Simple understanding:

Sliding Window = more accurate and fair than fixed window or leaky bucket

Comparison:

  • Token Bucket → allows bursts

  • Leaky Bucket → smooth output

  • Sliding Window → accurate and fair control

Use case:

Best for APIs where fairness and precision are important

Distributed Rate Limiting (Redis, API Gateway)

In real-world systems, applications run on multiple servers. Rate limiting must work across all instances.

This is called distributed rate limiting.

How it works:

  • Store request counts in a shared system (like Redis)

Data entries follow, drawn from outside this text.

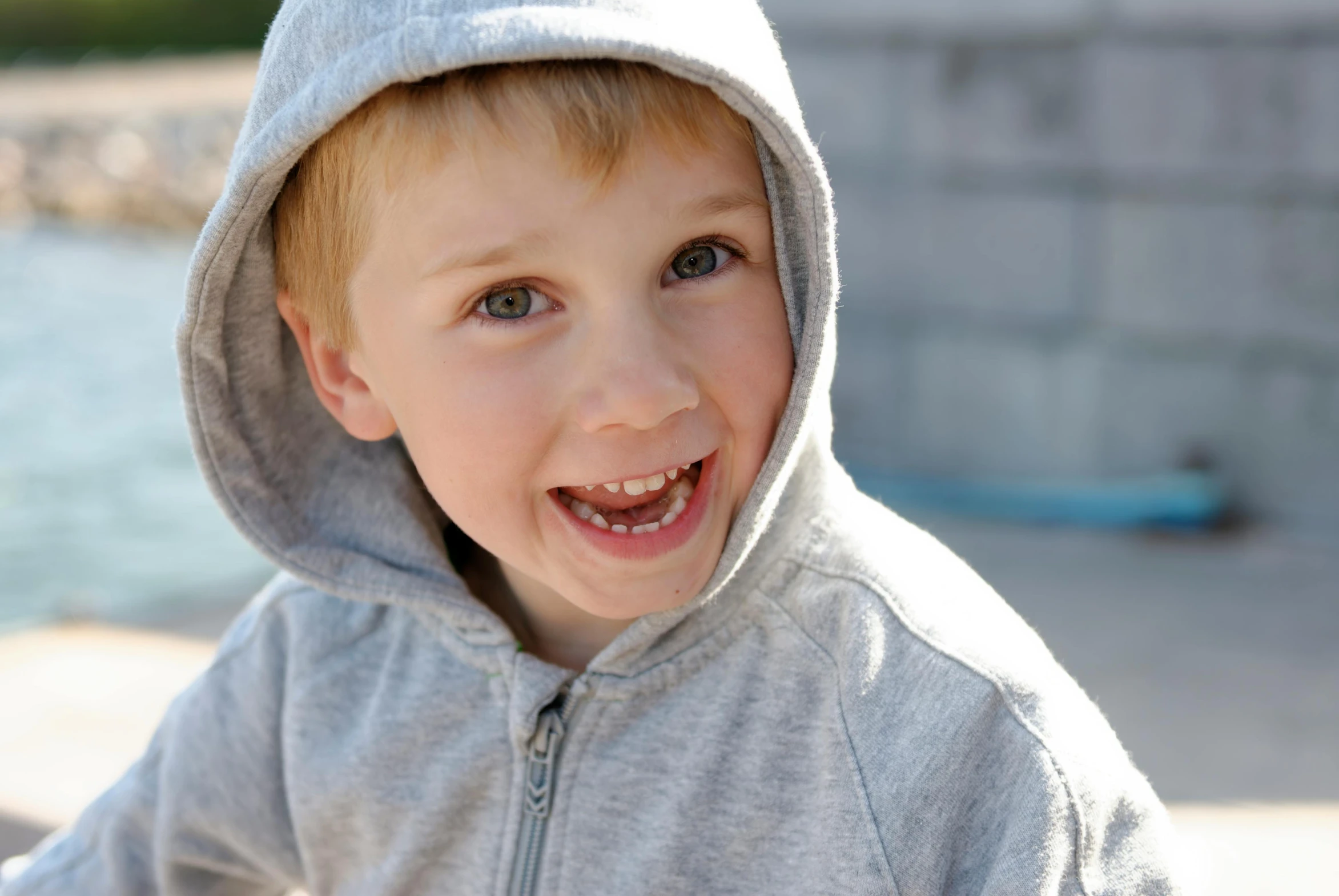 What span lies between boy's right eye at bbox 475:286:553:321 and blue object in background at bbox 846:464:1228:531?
2.68 meters

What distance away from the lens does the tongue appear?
1.39 meters

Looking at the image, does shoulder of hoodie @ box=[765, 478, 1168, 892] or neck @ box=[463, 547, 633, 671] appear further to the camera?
neck @ box=[463, 547, 633, 671]

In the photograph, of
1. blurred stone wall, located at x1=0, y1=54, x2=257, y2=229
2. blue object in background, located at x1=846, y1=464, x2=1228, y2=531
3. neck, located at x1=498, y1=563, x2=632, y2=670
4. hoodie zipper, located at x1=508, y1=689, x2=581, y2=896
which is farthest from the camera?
blurred stone wall, located at x1=0, y1=54, x2=257, y2=229

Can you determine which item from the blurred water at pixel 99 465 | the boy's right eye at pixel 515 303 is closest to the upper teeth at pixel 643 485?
the boy's right eye at pixel 515 303

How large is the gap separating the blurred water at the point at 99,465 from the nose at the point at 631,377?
2.30 m

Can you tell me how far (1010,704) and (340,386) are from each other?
2.51 ft

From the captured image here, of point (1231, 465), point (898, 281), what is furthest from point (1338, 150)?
point (898, 281)

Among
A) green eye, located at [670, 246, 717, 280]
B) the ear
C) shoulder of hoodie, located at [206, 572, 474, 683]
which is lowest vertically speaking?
shoulder of hoodie, located at [206, 572, 474, 683]

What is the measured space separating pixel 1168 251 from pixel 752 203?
8.23 feet

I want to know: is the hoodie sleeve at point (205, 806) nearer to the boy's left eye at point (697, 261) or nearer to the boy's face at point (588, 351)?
the boy's face at point (588, 351)

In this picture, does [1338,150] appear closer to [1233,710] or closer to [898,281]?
[898,281]

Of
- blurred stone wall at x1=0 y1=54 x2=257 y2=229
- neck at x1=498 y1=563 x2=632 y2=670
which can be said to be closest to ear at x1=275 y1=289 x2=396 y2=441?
neck at x1=498 y1=563 x2=632 y2=670

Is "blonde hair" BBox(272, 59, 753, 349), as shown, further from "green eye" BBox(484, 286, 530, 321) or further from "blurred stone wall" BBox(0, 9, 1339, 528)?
"blurred stone wall" BBox(0, 9, 1339, 528)

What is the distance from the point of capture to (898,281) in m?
4.05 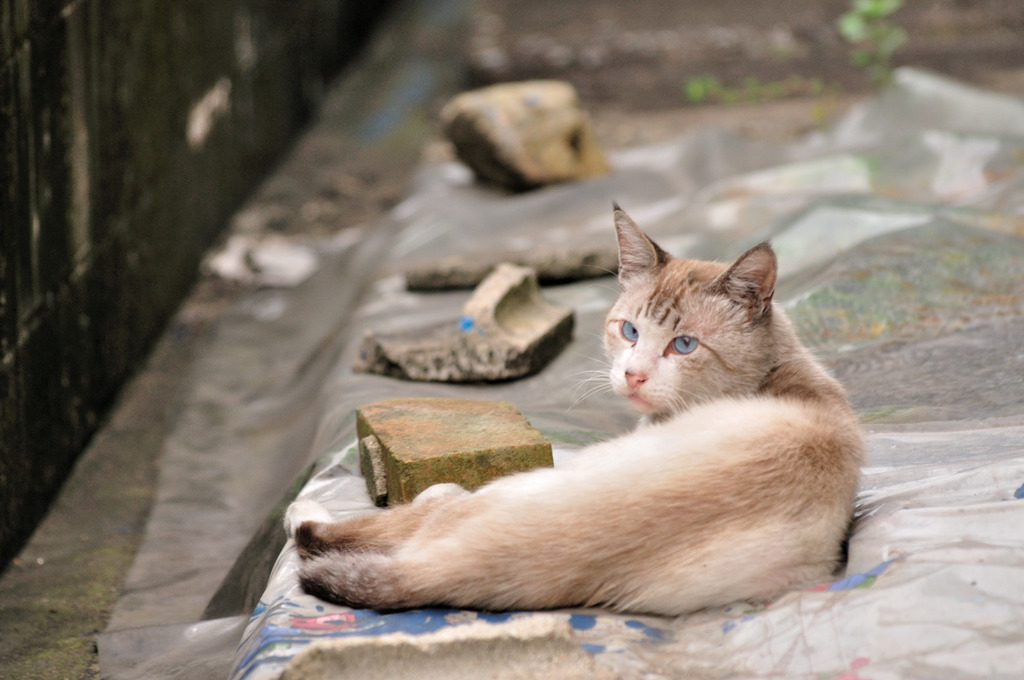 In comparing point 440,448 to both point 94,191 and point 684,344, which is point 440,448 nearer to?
point 684,344

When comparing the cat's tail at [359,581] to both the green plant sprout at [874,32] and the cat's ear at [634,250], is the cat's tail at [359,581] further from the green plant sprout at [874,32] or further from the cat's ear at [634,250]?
the green plant sprout at [874,32]

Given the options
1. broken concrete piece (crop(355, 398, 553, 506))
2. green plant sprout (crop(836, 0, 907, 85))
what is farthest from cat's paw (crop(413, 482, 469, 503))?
green plant sprout (crop(836, 0, 907, 85))

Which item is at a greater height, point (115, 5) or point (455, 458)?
point (115, 5)

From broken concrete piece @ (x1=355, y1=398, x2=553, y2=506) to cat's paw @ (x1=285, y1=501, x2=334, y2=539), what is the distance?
0.16m

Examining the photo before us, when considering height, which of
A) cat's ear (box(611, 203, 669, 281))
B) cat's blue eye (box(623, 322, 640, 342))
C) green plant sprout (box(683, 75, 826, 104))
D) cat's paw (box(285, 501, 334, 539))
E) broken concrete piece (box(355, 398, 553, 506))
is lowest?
green plant sprout (box(683, 75, 826, 104))

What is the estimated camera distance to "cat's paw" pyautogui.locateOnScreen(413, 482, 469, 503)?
2.08 metres

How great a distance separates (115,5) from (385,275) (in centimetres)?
163

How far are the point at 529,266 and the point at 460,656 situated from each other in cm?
252

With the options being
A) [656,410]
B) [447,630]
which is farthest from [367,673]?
[656,410]

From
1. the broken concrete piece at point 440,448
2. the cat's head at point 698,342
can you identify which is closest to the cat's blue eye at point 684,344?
the cat's head at point 698,342

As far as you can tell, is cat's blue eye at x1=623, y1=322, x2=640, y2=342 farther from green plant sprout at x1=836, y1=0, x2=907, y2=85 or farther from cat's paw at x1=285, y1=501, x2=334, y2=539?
green plant sprout at x1=836, y1=0, x2=907, y2=85

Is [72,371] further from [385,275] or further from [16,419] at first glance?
[385,275]

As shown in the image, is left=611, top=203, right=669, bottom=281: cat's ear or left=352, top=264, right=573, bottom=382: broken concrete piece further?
left=352, top=264, right=573, bottom=382: broken concrete piece

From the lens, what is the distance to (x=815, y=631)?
1.67 metres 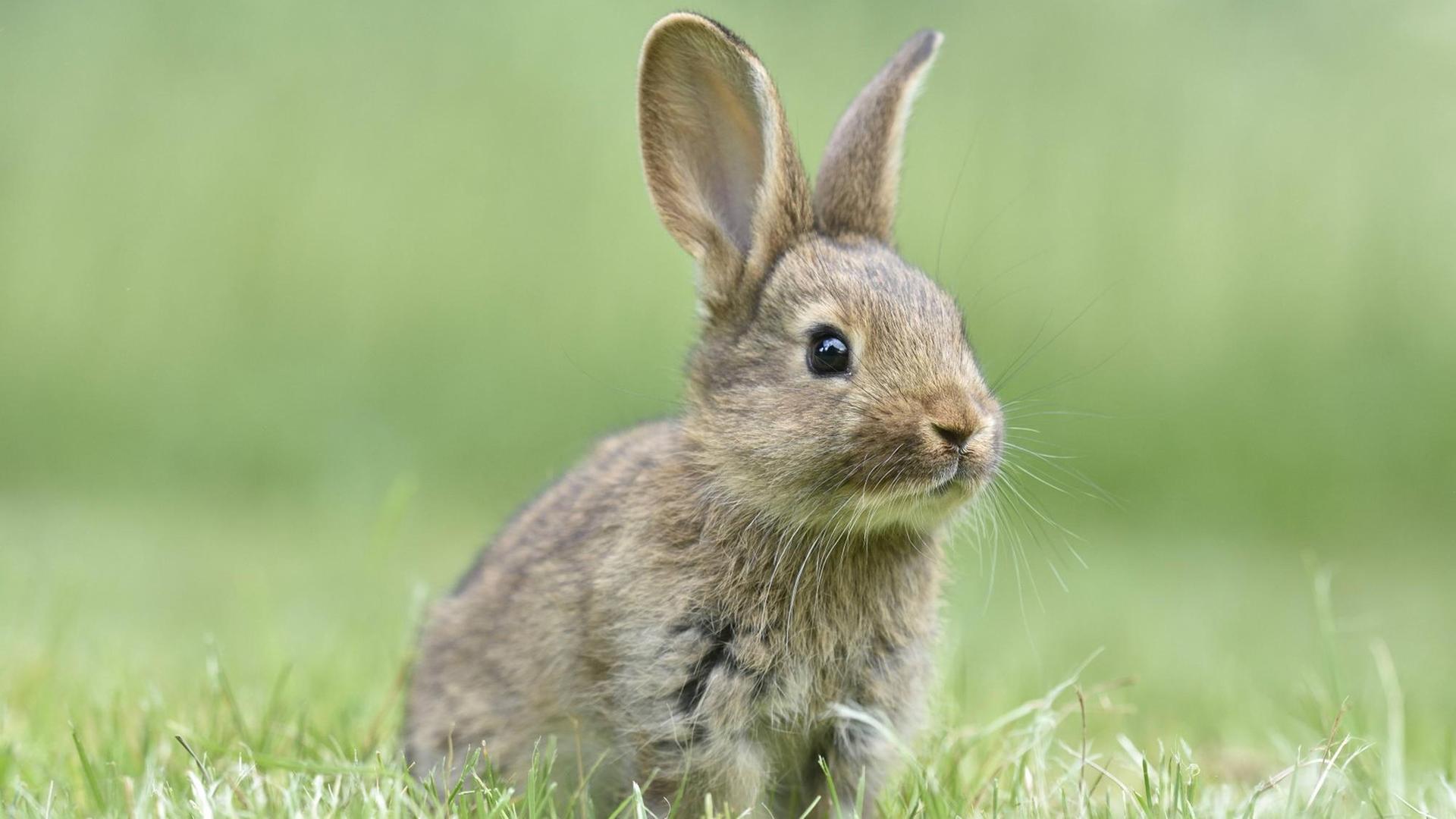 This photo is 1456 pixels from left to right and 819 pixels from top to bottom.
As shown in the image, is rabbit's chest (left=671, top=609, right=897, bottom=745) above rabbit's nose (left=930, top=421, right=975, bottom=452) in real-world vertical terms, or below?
below

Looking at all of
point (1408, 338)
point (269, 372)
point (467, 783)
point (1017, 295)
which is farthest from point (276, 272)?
point (1408, 338)

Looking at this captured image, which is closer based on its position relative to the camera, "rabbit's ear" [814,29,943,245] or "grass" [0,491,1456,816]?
"grass" [0,491,1456,816]

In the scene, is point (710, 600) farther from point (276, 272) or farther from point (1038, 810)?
point (276, 272)

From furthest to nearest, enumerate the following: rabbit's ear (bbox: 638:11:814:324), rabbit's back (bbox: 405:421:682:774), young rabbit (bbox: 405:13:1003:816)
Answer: rabbit's ear (bbox: 638:11:814:324), rabbit's back (bbox: 405:421:682:774), young rabbit (bbox: 405:13:1003:816)

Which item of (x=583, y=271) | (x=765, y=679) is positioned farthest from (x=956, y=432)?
(x=583, y=271)

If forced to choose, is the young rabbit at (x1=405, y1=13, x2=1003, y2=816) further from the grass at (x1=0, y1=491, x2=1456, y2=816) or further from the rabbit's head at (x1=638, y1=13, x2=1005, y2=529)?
the grass at (x1=0, y1=491, x2=1456, y2=816)

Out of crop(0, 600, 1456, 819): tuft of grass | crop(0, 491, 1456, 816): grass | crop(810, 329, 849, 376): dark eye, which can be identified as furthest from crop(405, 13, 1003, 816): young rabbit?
crop(0, 491, 1456, 816): grass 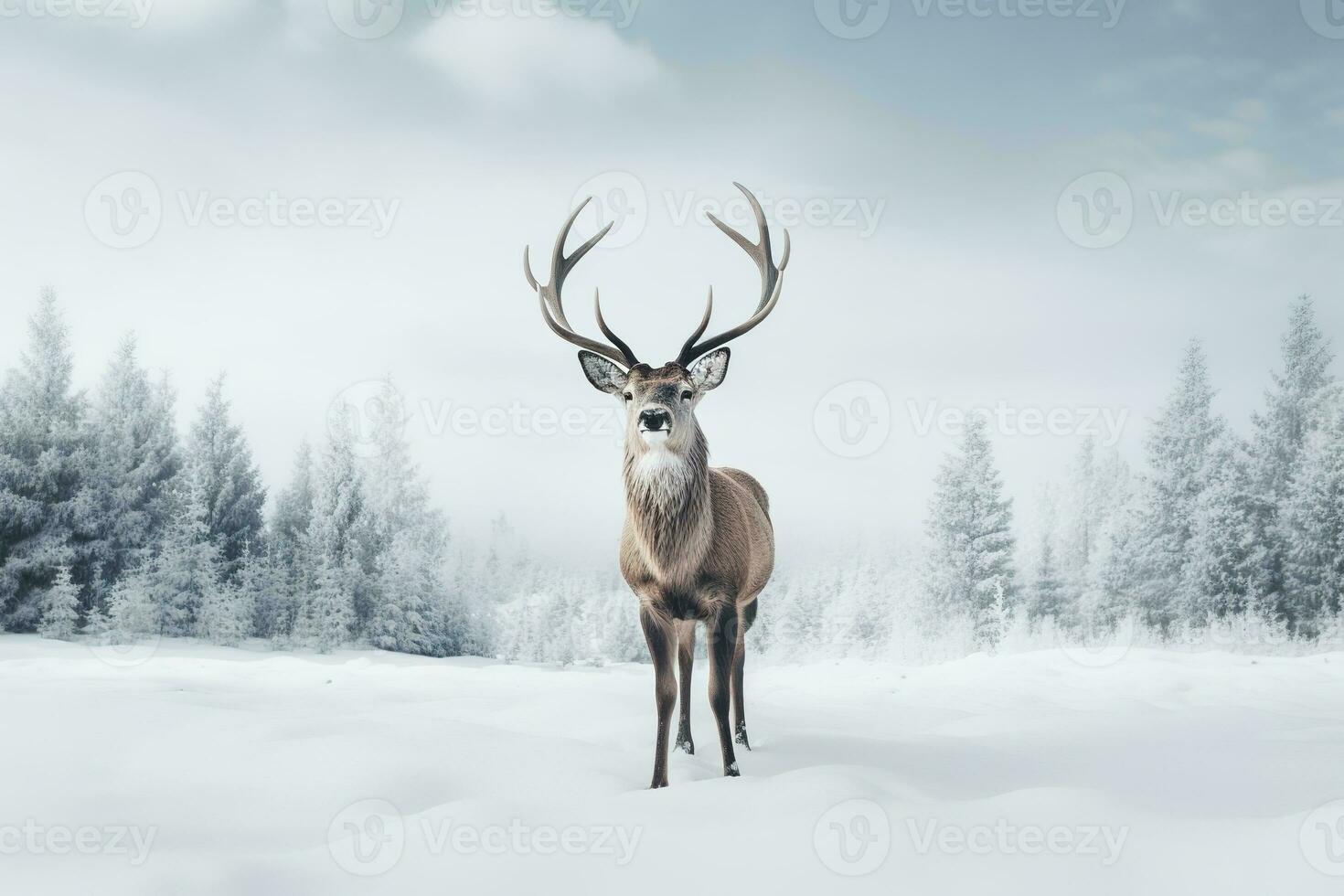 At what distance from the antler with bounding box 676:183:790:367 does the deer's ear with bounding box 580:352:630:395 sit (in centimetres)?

  • All servers check and update the same data

Why Redis?

  • Fast in-memory store

  • Supports atomic operations

  • Ideal for counters and rate limiting

Example flow:

  • User sends request

  • Server checks Redis counter

  • If limit not exceeded → allow request

  • Else → reject request (429 error)

API Gateway usage:

Tools like AWS API Gateway or NGINX can enforce rate limits at the edge before requests reach your backend.

Benefits:

  • Centralized control

  • Reduces backend load

  • Improves security

Real-World Architecture for Rate Limiting

In production systems, rate limiting is implemented at multiple layers.

Typical architecture:

  • Client → API Gateway → Application Server → Database

Rate limiting can be applied at:

  1. API Gateway (first layer)

  • Handles most traffic control

  • Example: AWS API Gateway, NGINX

  1. Application Layer

  • Business-level rate limits

  • User-specific rules

  1. Distributed Cache (Redis)

  • Shared counters across servers

Simple flow:

Request → API Gateway checks limit → Redis updates counter → App processes request

Real-world example:

In a public API:

  • Free users → 100 requests/min

  • Premium users → 1000 requests/min

Additional Important Concepts

Fixed Window Algorithm:

  • Simple but less accurate

  • Resets after time window

HTTP Status Code for Rate Limiting:

  • 429 Too Many Requests

Headers used:

  • X-RateLimit-Limit

  • X-RateLimit-Remaining

  • X-RateLimit-Reset

These help clients understand limits.

Summary

Rate limiting algorithms like Token Bucket and Leaky Bucket play a crucial role in controlling traffic and protecting web applications from overload and abuse. While the Token Bucket algorithm allows burst traffic and provides flexibility for dynamic systems like APIs, the Leaky Bucket algorithm ensures a steady and controlled flow of requests, making it suitable for systems that require consistent processing. Choosing the right algorithm depends on your application’s needs, traffic patterns, and performance goals, and implementing rate limiting effectively helps improve security, scalability, and overall system reliability.